|Cadell and Davies, and Others v. Stewart
||1 Jun 1804
||Intellectual property rights, Copyright
||Defender Thomas Stewart, a bookseller in Glasgow, released a book consisting of previously unpublished letters from the late poet Robert Burns to "Clarinda" (Agnes Macelhose), who consented to the letters’ publication. Booksellers Cadell and Davies in London and William Creech in Edinburgh owned the rights to all of Burns's compositions, and they petitioned the court for an interdict against Stewart's publication. The brother and children of Robert Burns appeared in court to support the petition. The booksellers and family members, as pursuers, claimed that the interdict was warranted because Burns had not transferred his rights to the letters by sending the documents to Clarinda.
|Clark v. Bell
||29 Feb 1804
||Statute of limitations, Literary Property, Copyright
||Andrew Bell, an engraver, included pages from James Clark's book in the Encyclopedia Britannica without permission. James Clark claimed that he had the copyright to the information, but Bell argued that the statute of limitations had expired on the claim. The case had originally been heard by a Lord Ordinary who had required Bell to return the pages to Clark. However, Bell appealed the statute of limitations issue to the higher court, which agreed with him that it was possible Clark's claim to the material had expired. As a result, the case was remanded to the Lord Ordinary to reconsider the penalty he had imposed requiring Bell to return the pages to Clark.

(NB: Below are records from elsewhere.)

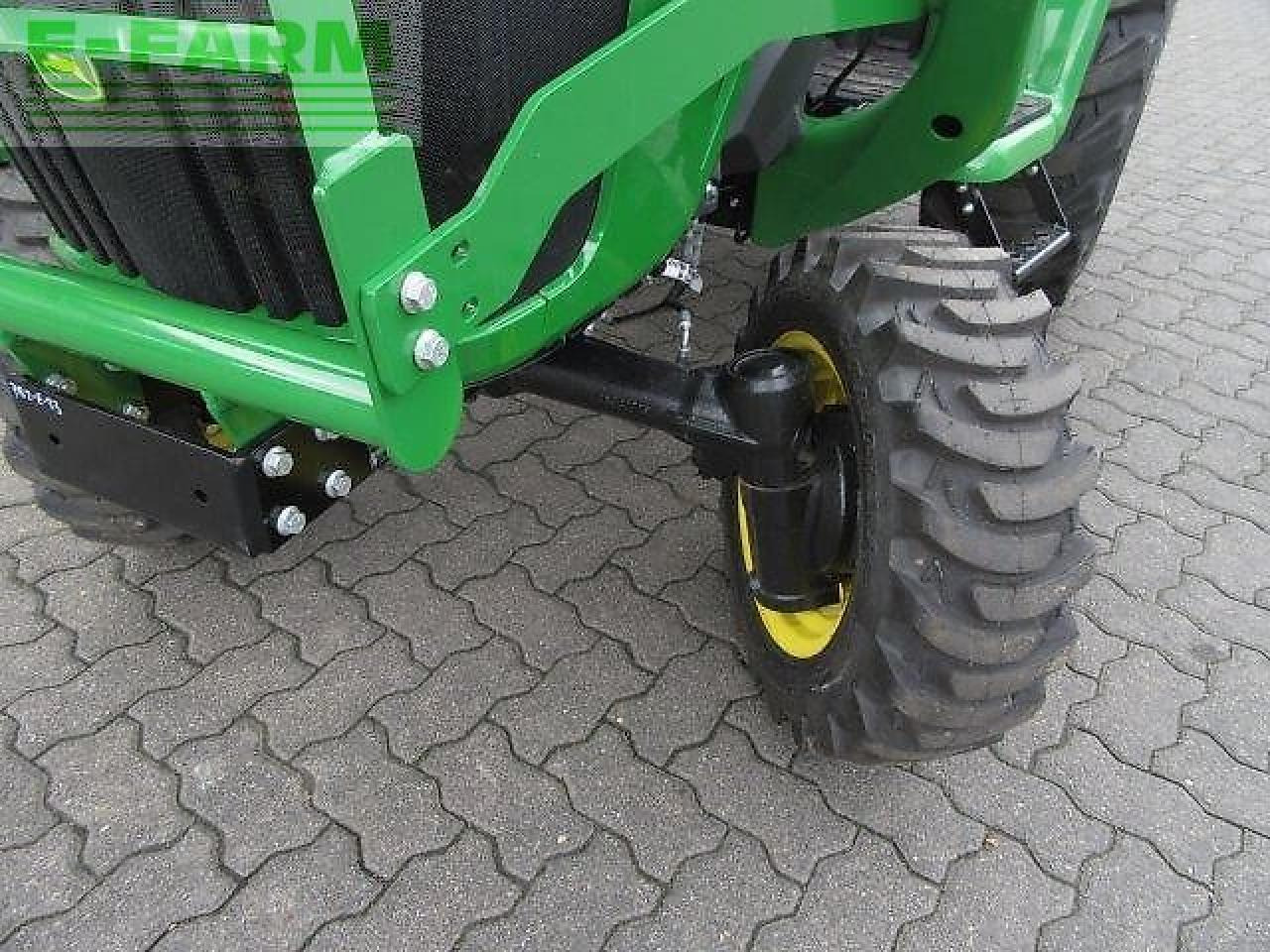 John Deere 3038e 300e - Farm tractor: picture 5 John Deere 3038e 300e - Farm tractor: picture 5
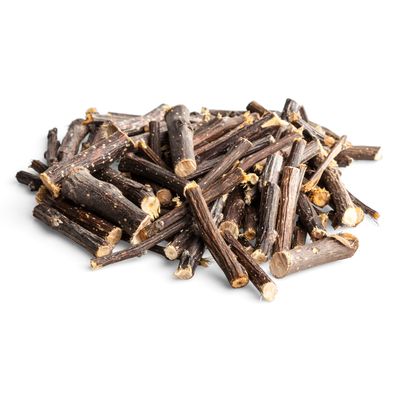 Bâtonnets en bois naturel coupés, empilés sur fond blanc, sans emballage ni marque visible.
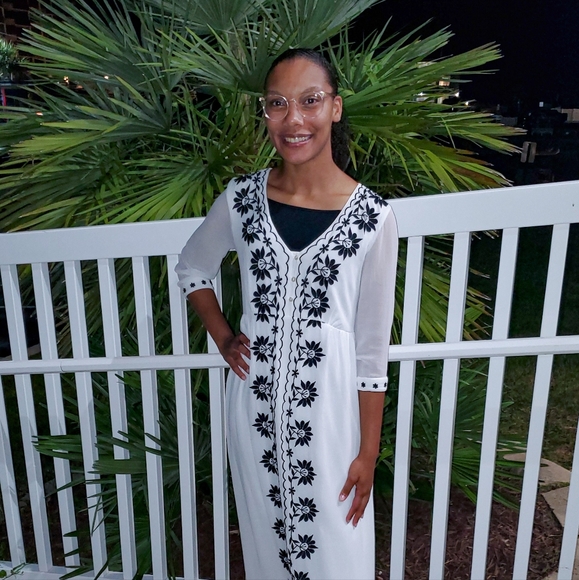 Meet Your Posher, Ashley! - Picture 2 of 3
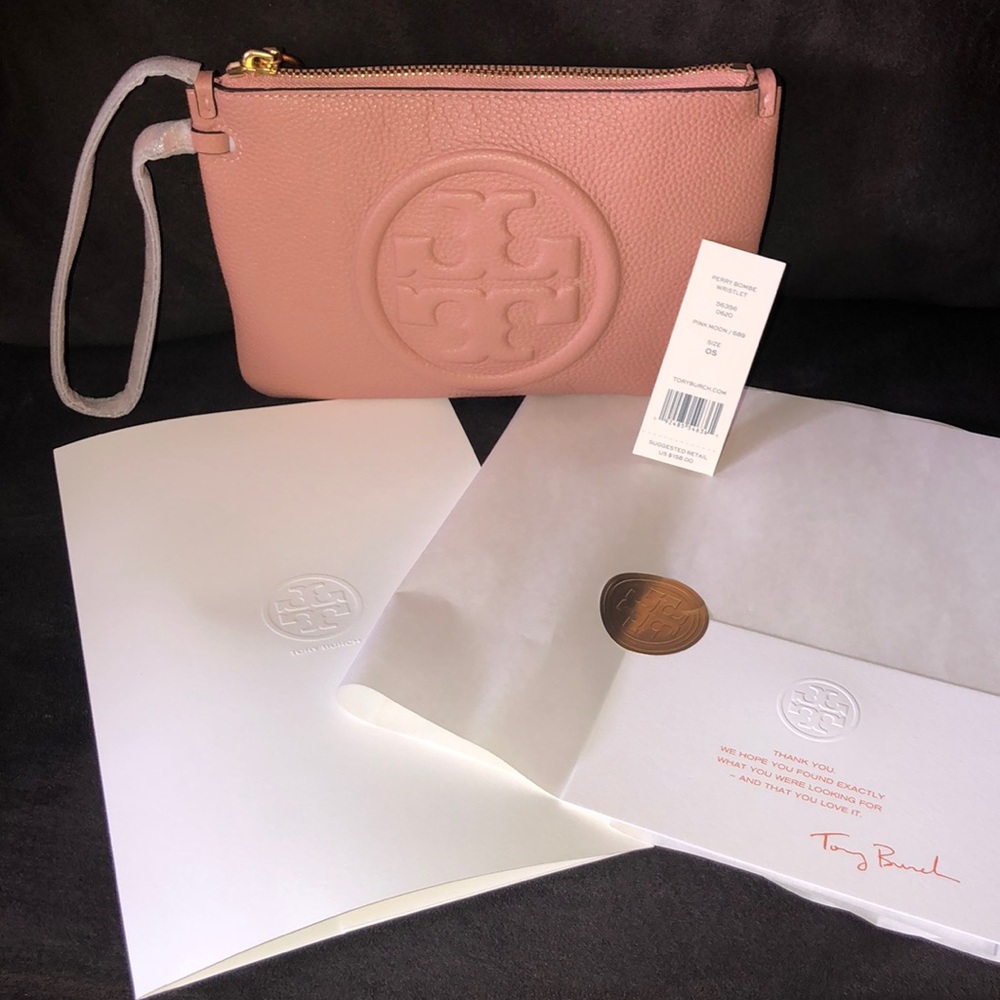 BNWT tory Burch wristlet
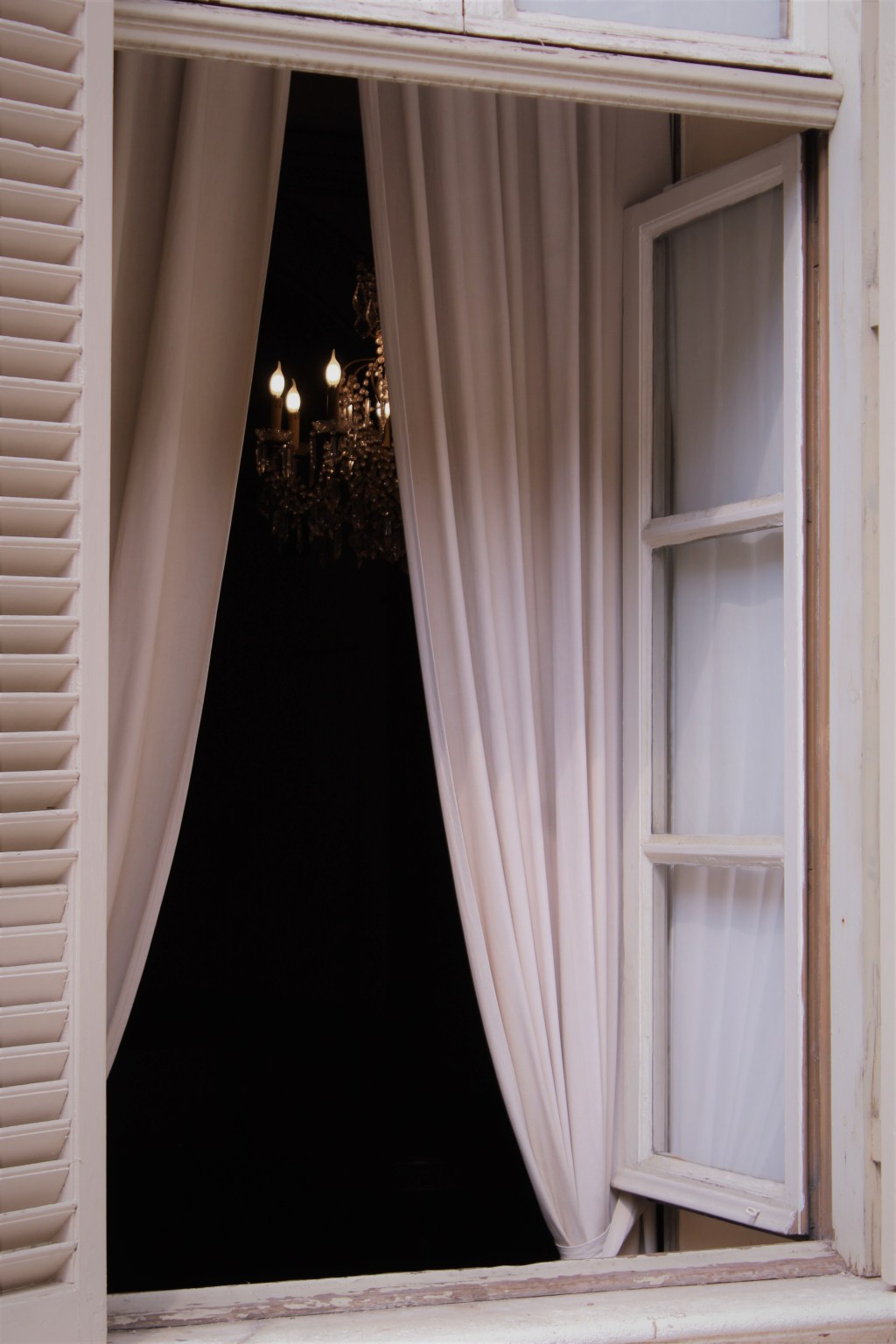 HEATHCLIFF APRI QUELLA FINESTRA CHE FA&nbsp;FREDDO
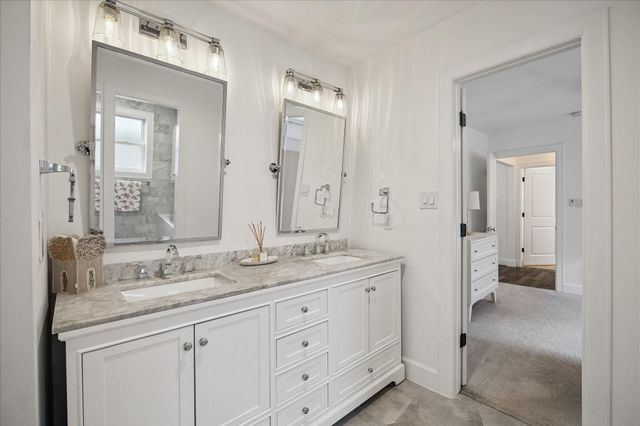 10702 Russett Drive, Houston, TX 77042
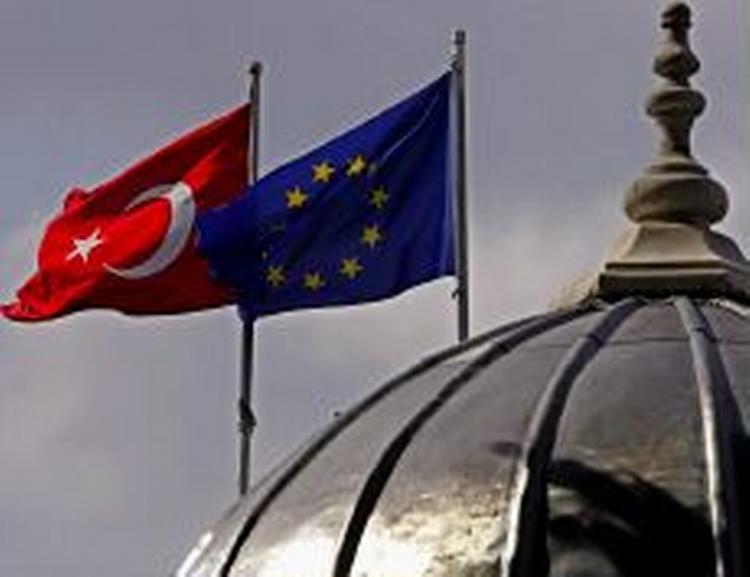 Optimismen spirer i Tyrkiet oven på de indledte optagelsesforhandlinger med EU. Nu flages der med EU-flag på moskeerne i Istanbul og aktierne stiger, trods bitre kommentarer fra nogle europæiske ledere. - Foto: AP 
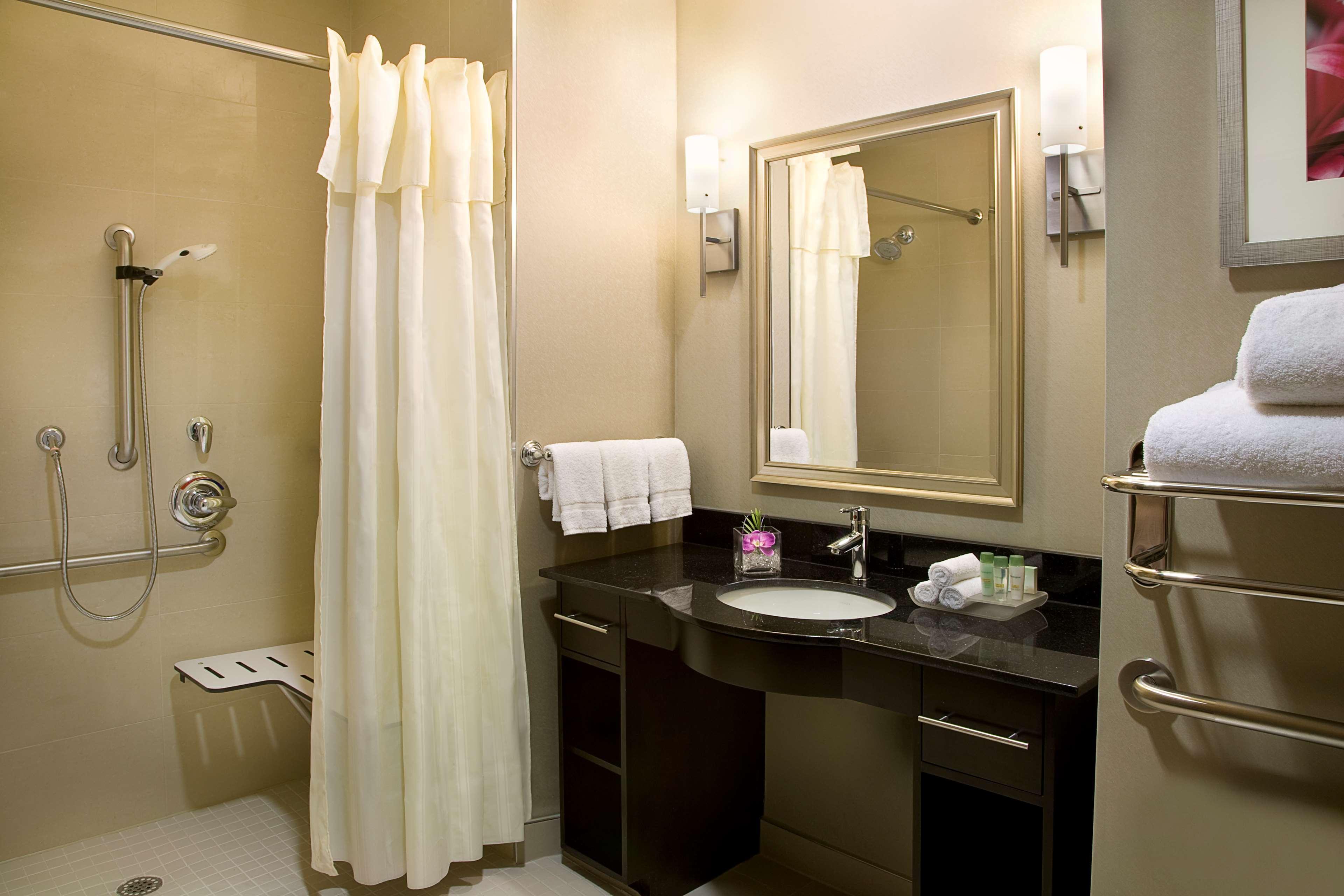 Homewood Suites By Hilton Toronto Вон Екстер'єр фото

Note: Clark is indexed as "Clerk" in the digest.
|Hinton v. Donaldson
||28 Jul 1773
||This case was about the right to publish a literary work. Stephen Austin obtained a patent from the Crown to publish the second edition of “A New History of the Holy Bible,” by Rev. Thomas Stackhouse. Austin died, leaving his estate to his wife, Elizabeth. She then died after marrying John Hinton, the pursuer. In 1765, defender James Meurose completed another edition of Stackhouse’s book, and in 1767, defenders Alexander Donaldson and John Wood agreed to reprint copies of certain volumes. Hinton sued all three men on the ground that the new edition violated his common law property right in the work. By this time, the patent had expired, and there was no statutory claim. The defenders argued that the common law of Scotland did not provide a perpetual right to so-called literary property.